Monday, September 28, 2009

Ondoy was here

The flood hit our apartment last Saturday.

I woke up at 11 a.m. thinking why it had to rain so hard on a weekend. I knew there was a typhoon going but I thought it was just one of those—torrential rains, and therefore, you’ll just need to hole up inside the house.

I would have slept some more but the rain was so hard (I could really feel it battering our roof) so I headed downstairs just to check in case there was a flood outside the house.

There was what I thought to be a puddle so I went to the toilet to pee. Toilet was overflowing, (thankfully, with clear water) and I noticed that our kitchen rug was soaked. It was here that I realized that water was coming in from the kitchen.

I checked the front door again and lo, water was already rushing in.

At this point, everything was a blur—I had to dismantle so many cables in my attempt to bring up all the electronics to the second floor—TV, DVD player, computer, speakers, radio, that SkyCable apparatus. I also prioritized my growing shoe collection because, um, you know, they’re nice. I was all alone so I was panicking—it’s not a nice feeling to be in such a rush while you’re starting to shiver because the water is so cold and it’s climbing its way up your body. I also began seeing my stuff float in the water.
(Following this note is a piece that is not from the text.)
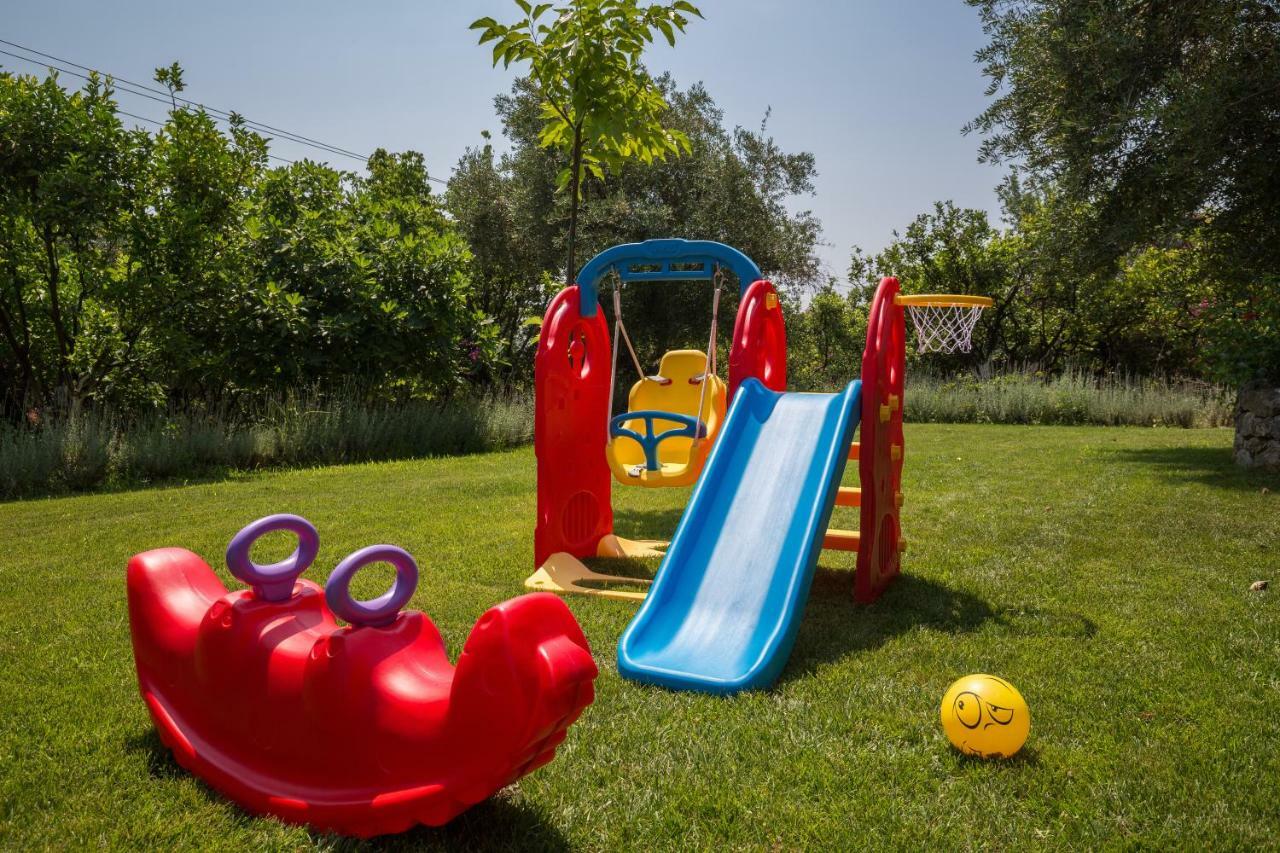 בניטסס Ionian Garden Villas - Villa Pietra מראה חיצוני תמונה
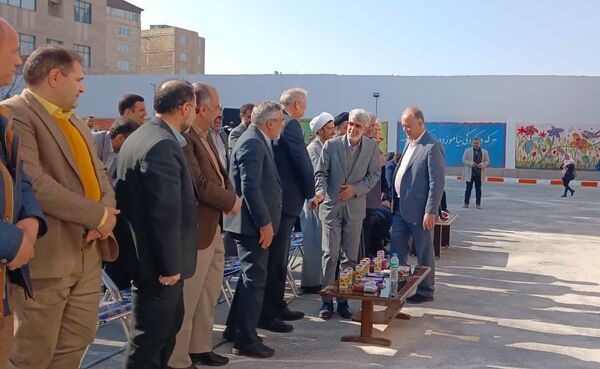آیین افتتاح مدرسه ۱۲ کلاسه خیری, مشارکتی زنده یاد حاج فضل الله حریریان در محمد شهر کرج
After saving some of the electronics, I began bringing up water, rice, rice cooker, coffeemaker (I forgot the beans though, lol) and my toiletries. The water was coming in so fast that my eyes zoomed in on the refrigerator and its lowly stand.

Will the water reach the refrigerator? If it does, should I just buy a new refrigerator?

I waded through the water and mustered all the knowledge that I have learned from the gym lifting weights—squat and use leg and thigh muscles; keep back straight; and focus. I lifted the fridge onto the dining table.

Water rose to where the refrigerator would have been.

I then tried to bring up the sofa but it wouldn’t fit the stairs. Our stairs is next to the window, and next to the window was the flood. At this point, I just broke down (did not cry though; more of lost the energy and will). I thought if the water was going to enter the window, then there was no point trying to save all the things—I should consider saving my own life.

I went up to the second floor and asked my mom and sister if they had any jewelry and cash here that I needed to secure. (My family was safe and dry at our Laguna home.) I also secured mine—the contents of the bag I bring to the office, plus a photograph of my and Mon’s pet in Pet Society (Their names are Barack and Michelle Obama, lol). Mon framed it and gave it as a gift.

I then thought of all the things that could possibly be washed away by the flood. Although painful, I was at that point in which they didn't matter and I was prepared to let them all go. The important thing was that I survive.

I washed myself at the stairs (a surreal occurrence, really), went to my bed and prayed hard. Prayed that the water won’t reach the second floor because then, I’d really have no way out, except by dismantling the windows and staying afloat (I had no way of getting up on the roof). I had electricity and so I tuned in to the radio, charged my phone, and sent out tweets. I texted friends and colleagues if they were OK. I also set up my cable and was able to watch the news until the cable service died.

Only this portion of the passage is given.